Diversity of quantitative phenotypic traits

Considerable variation was observed among the populations for the measured quantitative phenotypic traits. The number of tillers was in the range of zero to five. Head length was as small as 11 cm and as large as 46 cm in some cultivars and head width was in the range of five to 40 cm with mean 12.1 cm. Plant height was in the range of 147 cm (in an improved lowland variety, 76T1#23, coded Wello-2) to 470 cm (Metekel-1) averaging 289 cm. Six of the eight populations showed an average height of greater than 3 m. Leaf width ranged from 4.4 cm (Wello-2) to 12.5 cm (Metekel-1). Leaf length was also in the range of 42 cm to 100 cm and leaf number was in the range of six (Wello-2) to 24 (Wello-4) (Table 2).

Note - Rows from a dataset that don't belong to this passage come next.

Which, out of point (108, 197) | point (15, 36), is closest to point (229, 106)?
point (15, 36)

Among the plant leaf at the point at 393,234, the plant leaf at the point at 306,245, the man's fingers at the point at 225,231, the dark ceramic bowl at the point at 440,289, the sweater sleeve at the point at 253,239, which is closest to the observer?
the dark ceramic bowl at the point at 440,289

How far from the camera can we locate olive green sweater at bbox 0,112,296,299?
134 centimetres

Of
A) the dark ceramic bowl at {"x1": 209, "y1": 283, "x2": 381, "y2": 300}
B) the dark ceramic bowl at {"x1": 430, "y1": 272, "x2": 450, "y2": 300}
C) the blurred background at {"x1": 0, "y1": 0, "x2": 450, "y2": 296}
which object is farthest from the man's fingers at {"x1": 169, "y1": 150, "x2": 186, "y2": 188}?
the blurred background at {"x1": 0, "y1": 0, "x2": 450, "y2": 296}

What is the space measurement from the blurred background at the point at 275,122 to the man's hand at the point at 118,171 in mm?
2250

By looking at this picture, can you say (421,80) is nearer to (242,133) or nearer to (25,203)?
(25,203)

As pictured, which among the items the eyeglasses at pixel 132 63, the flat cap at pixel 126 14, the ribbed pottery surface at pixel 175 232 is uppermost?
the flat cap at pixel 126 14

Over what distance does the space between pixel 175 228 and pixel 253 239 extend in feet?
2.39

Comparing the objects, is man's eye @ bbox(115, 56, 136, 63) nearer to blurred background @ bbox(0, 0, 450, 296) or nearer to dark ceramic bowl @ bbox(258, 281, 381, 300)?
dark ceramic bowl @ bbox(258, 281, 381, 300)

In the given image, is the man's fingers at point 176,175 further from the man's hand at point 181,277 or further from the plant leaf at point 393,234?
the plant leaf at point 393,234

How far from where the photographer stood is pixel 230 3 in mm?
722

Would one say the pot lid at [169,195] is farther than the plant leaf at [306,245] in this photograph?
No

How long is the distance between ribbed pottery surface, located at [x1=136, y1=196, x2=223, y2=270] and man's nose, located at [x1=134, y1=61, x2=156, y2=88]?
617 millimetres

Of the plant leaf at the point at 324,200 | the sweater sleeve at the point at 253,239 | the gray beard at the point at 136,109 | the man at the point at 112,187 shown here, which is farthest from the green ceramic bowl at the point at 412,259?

Table 2 Simple descriptive statistics and principal component factor loadings of the measured quantitative phenotypic traits

Correlation was significant in all pairs of characters (p < 0.05), except between number of tillers and head length and width, and leaf length; between head length and leaf number, and between leaf length and leaf number. Plant height and leaf width had highly significant positive correlation with the remaining quantitative phenotypic traits. The first three principal component axes explained 80.53% of the total variation. Plant height contributed the largest factor loadings (0.44) for PCA1. PCA2 is mostly influenced by number of tillers per plant (0.56). For PCA3 leaf length contributed the largest share of the variation (0.40). Figure 2 shows the pattern of phenotypic diversity in the 160 plant samples from the eight populations based on the first two principal components. Four groups/ clusters are clearly observed in this biplot. Cluster I consisted of W2 populations. Cluster II composed of individuals from Wello populations, W1 and W4. Cluster III was dominated by Gibe populations, G1 and G2 with some individuals from M1 population with similar phenotypes. Cluster IV was mainly composed of individuals from W3. Metekel populations, M1 and M2 had individuals represented in all of the clusters.

Figure 2
figure 2

PCA biplot showing the distribution of the 160 sorghum samples based on their measured phenotypes.

SSR polymorphism

Availability of alleles in each locus (the proportion of loci without missing alleles) ranged from 0.93 (Sb4-121) to 1.0 (Sb5-206, Sb1-1, Sb6-34, and Sb4-72) with mean 0.97. All of the 12 SSR loci were highly polymorphic with PIC values ranging from 0.38 to 0.85 (mean = 0.62) (Table 3). All except two SSR loci had PIC values greater than or equal to 0.5. They produced a total of 123 alleles of which 78 (63.4%) were rare (with frequency ≤ 0.05). The number of alleles produced per polymorphic locus ranged from 3 to 27 with an average of 10.25. The effective number of alleles was also in the range of 1.7 to 7.5 (Table 3). The frequency of the major allele was in the range 0.24-0.75 with a mean of 0.47. A comparison of SSR size ranges from the previously published reports and observed in the present study is presented in Additional file 1: Table S1. Tests for Hardy–Weinberg equilibrium (HWE) for all loci and all populations revealed that they did not significantly deviate from HWE.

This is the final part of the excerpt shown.